CHUUUT
JANINE BOISSARD
ROBERT LAFFONT
De chaque côté du château qui donnait sur une grande cour avec un puits fleuri - interdit de s'asseoir sur la margelle -, grand-père avait fait ajouter des ailes qu'on appelait aussi des «dépendances», afin d'y loger ses quatre enfants lorsqu'ils seraient mariés : une pour Baudoin et Roselyne, les aînés, une pour Monique et Hermine (maman), les cadettes.
Aujourd'hui, c'était fait. L'oncle Baudoin et la tante Béatrix occupaient l'aile droite avec leurs trois enfants, Thibaut, LouisAdrien et Philippine. La tante Monique, l'aile gauche avec son fils Alexander, et nous à côté, bien séparés, chacun chez soi, Hermine et Gilles, mes parents avec moi, Fine, et mon petit frère Benjamin.

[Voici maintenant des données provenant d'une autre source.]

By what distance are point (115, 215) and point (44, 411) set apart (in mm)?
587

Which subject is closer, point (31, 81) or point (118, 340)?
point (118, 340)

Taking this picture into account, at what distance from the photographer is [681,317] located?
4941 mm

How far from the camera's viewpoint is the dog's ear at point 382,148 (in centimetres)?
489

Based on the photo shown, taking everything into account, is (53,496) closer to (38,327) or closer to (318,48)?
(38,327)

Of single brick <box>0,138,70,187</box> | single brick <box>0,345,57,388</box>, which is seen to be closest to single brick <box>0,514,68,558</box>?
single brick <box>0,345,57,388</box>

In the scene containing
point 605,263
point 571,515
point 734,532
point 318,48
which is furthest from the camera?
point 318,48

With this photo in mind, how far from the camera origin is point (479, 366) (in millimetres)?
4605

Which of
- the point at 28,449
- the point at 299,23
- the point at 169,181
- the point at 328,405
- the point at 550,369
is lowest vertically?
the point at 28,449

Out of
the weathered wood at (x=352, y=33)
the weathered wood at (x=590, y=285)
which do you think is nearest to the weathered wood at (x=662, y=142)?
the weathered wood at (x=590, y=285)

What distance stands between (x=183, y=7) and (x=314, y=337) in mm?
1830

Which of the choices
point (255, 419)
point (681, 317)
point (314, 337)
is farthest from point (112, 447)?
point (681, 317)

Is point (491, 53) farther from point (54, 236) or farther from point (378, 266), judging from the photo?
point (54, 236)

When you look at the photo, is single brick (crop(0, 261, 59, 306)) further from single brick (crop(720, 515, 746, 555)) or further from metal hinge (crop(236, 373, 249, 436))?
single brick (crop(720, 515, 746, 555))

Et là, les «pourquoi» commençaient.
- Dis, maman, pourquoi les volets de la dépendance de tante Roselyne sont toujours fermés ? Où elle est ? Pourquoi on l'a jamais vue ?
- Chut, ma Fine, répondait maman. Ta tante Roselyne est partie très loin, dans un autre pays. Ça a fait beaucoup de chagrin à tes grands-parents, alors surtout tu ne leur en parles pas.
- Et toi aussi, maman, ça t'a fait beaucoup de chagrin ?
- Bien sûr, c'était ma grande soeur.
- Et elle reviendra quand ?
Là, c'était «chut» les larmes aux yeux.
- Jamais, mon coeur.
L'autre «pourquoi» concernait mon cousin Alexander, le fils de tante Monique.
- Dis, maman, pourquoi Alexander reste toujours dans son coin ? Il ne veut pas jouer avec nous, il regarde par terre en parlant charabia, et quand il crie, ça fait peur.
- Chut ! répondait maman en fixant le mur comme si tante Monique avait l'oreille collée de l'autre côté. Tu sais bien qu'Alexander est malade.
- Et c'est quoi exactement, sa maladie ?
- C'est les nerfs. On le soigne, tout le monde prie pour qu'il guérisse. Et même s'il fait un peu peur, tu dois être gentille avec lui parce que ce n'est pas sa faute s'il est malade.